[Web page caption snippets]

- - -

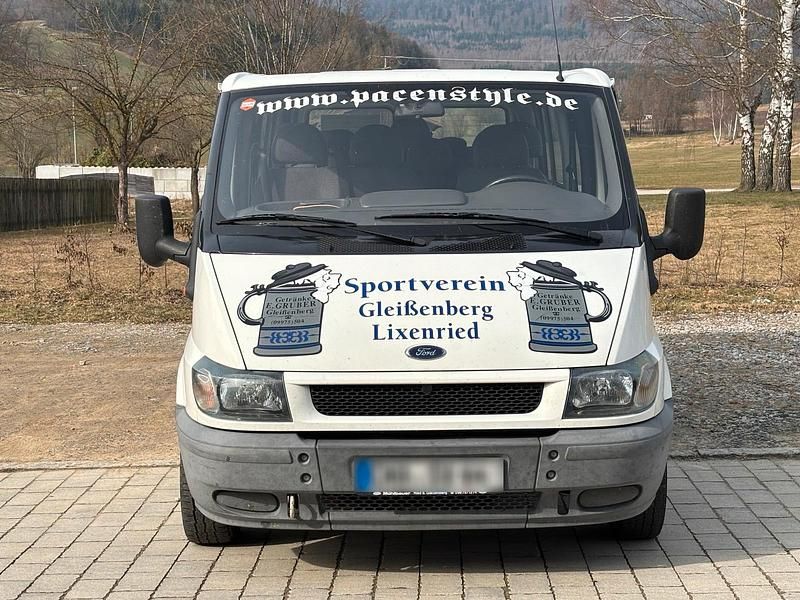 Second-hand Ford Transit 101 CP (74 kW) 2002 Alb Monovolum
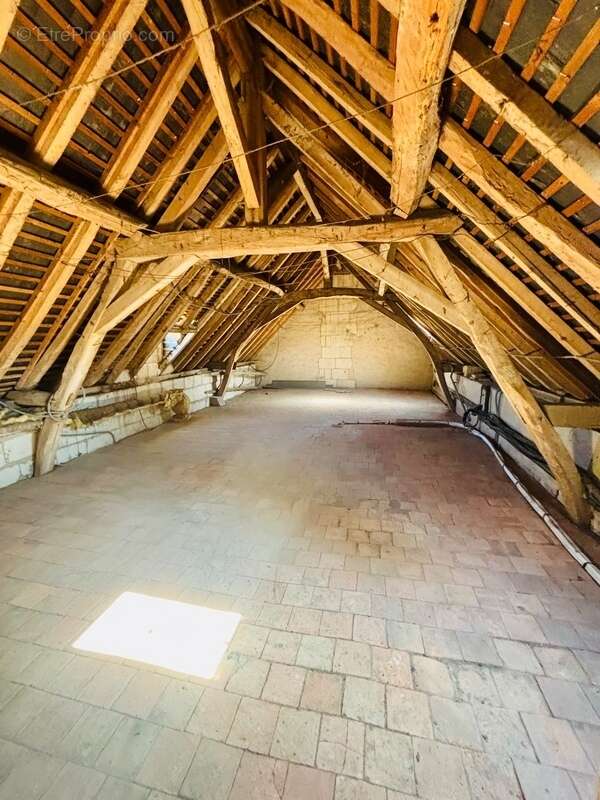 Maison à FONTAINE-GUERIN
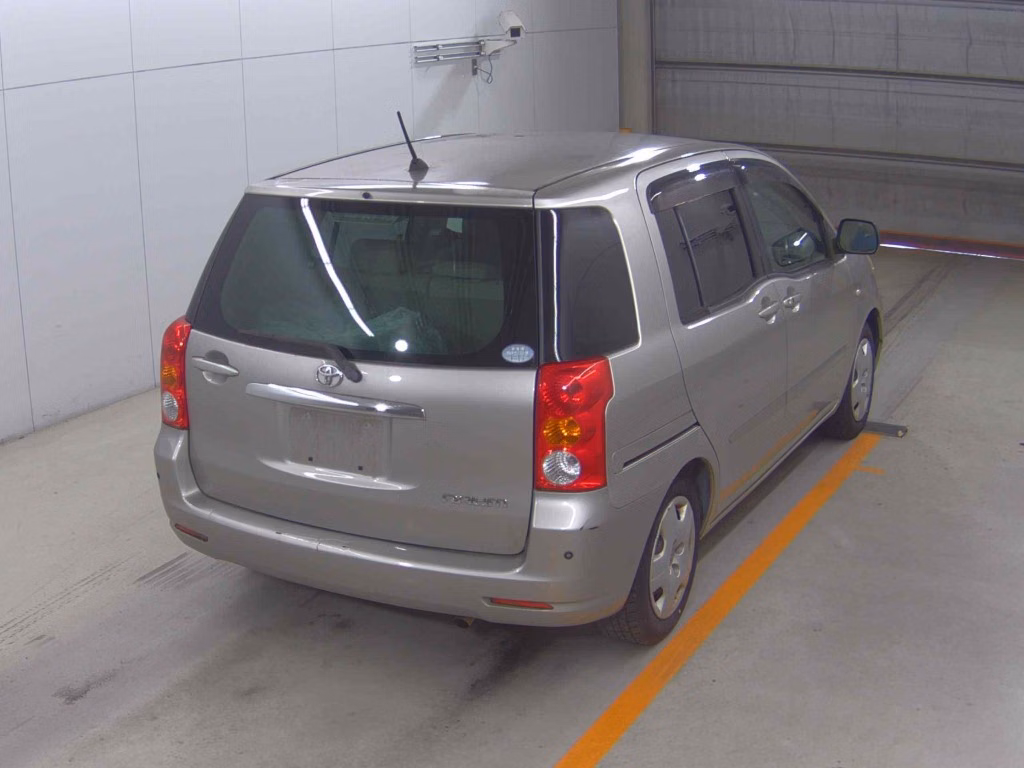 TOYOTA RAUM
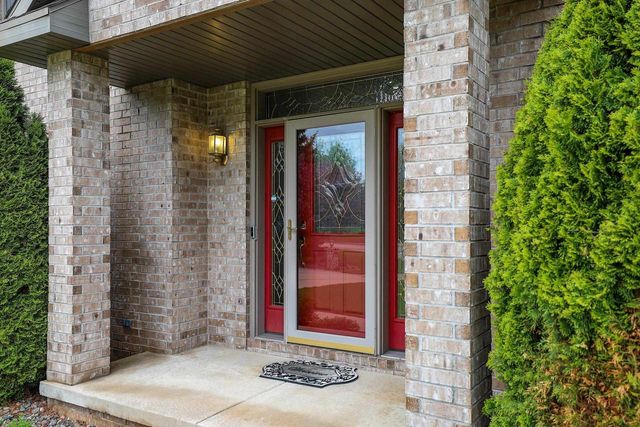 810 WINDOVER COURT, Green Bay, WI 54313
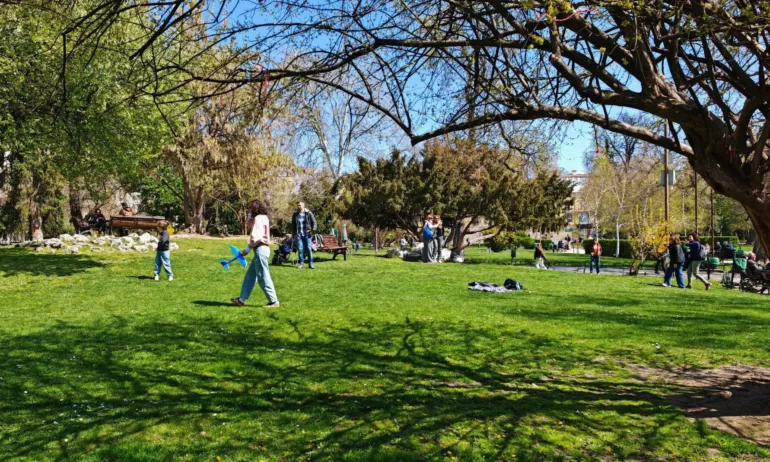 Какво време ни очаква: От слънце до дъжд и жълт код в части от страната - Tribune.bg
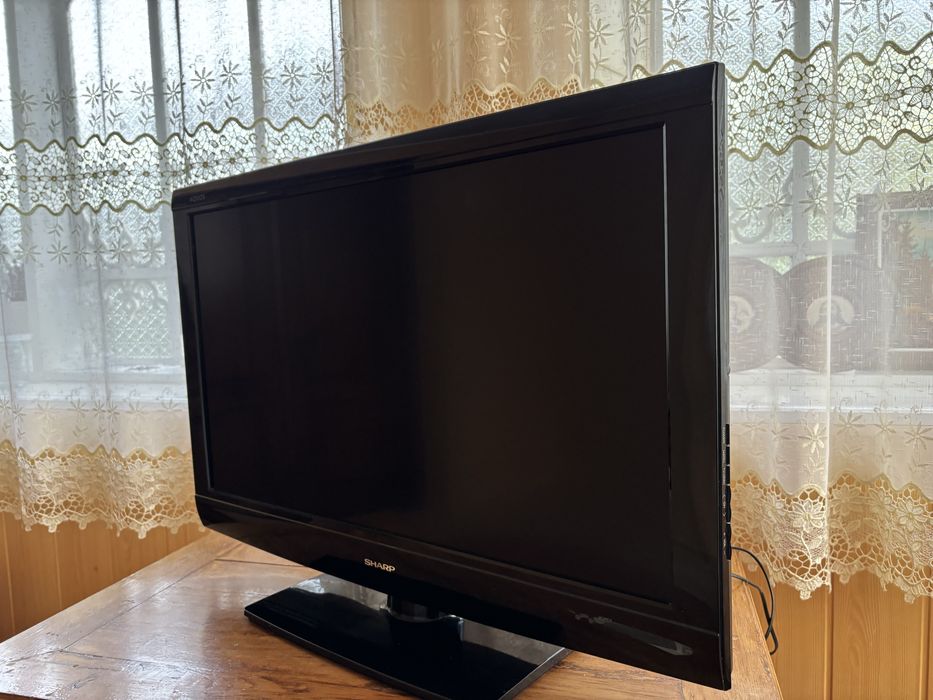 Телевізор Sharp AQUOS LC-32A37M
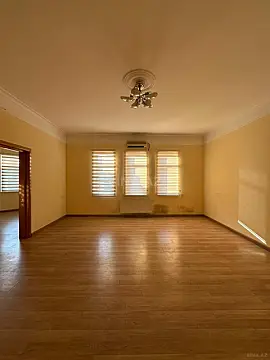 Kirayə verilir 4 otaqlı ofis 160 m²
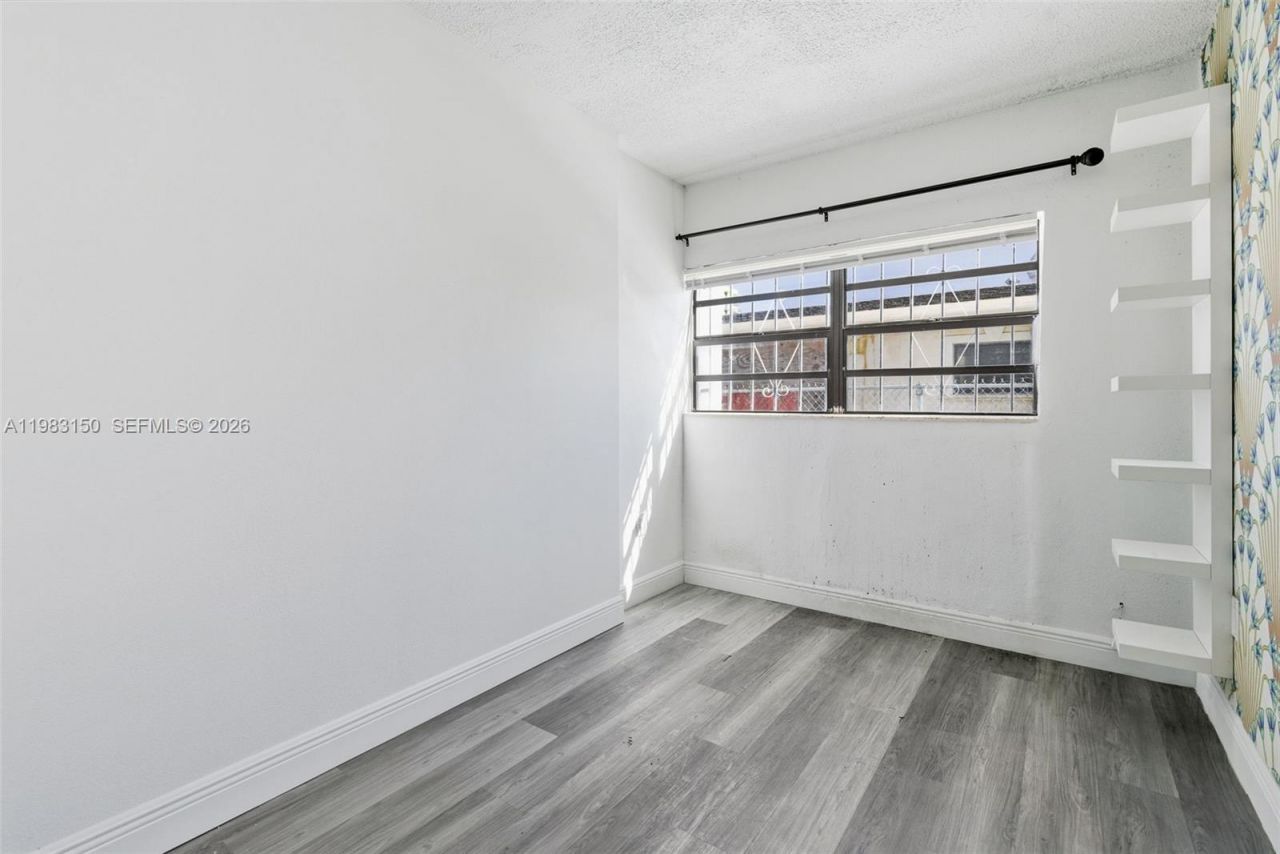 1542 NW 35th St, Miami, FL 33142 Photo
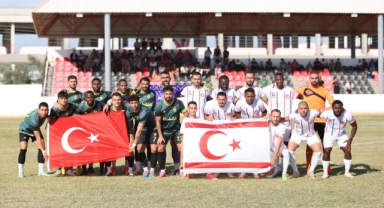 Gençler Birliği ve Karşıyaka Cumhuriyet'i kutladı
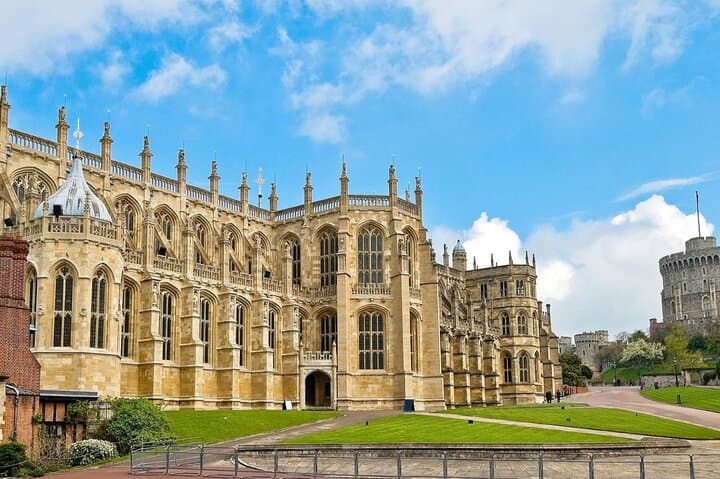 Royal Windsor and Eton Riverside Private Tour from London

- - -

TASK REQUIREMENTS
Give back exactly the lines running from the one that contains "TOYOTA RAUM" to the end of the records, including both of those lines and excluding every picture.

SOLUTION BELOW
 TOYOTA RAUM
 810 WINDOVER COURT, Green Bay, WI 54313
 Какво време ни очаква: От слънце до дъжд и жълт код в части от страната - Tribune.bg
 Телевізор Sharp AQUOS LC-32A37M
 Kirayə verilir 4 otaqlı ofis 160 m²
 1542 NW 35th St, Miami, FL 33142 Photo
 Gençler Birliği ve Karşıyaka Cumhuriyet'i kutladı
 Royal Windsor and Eton Riverside Private Tour from London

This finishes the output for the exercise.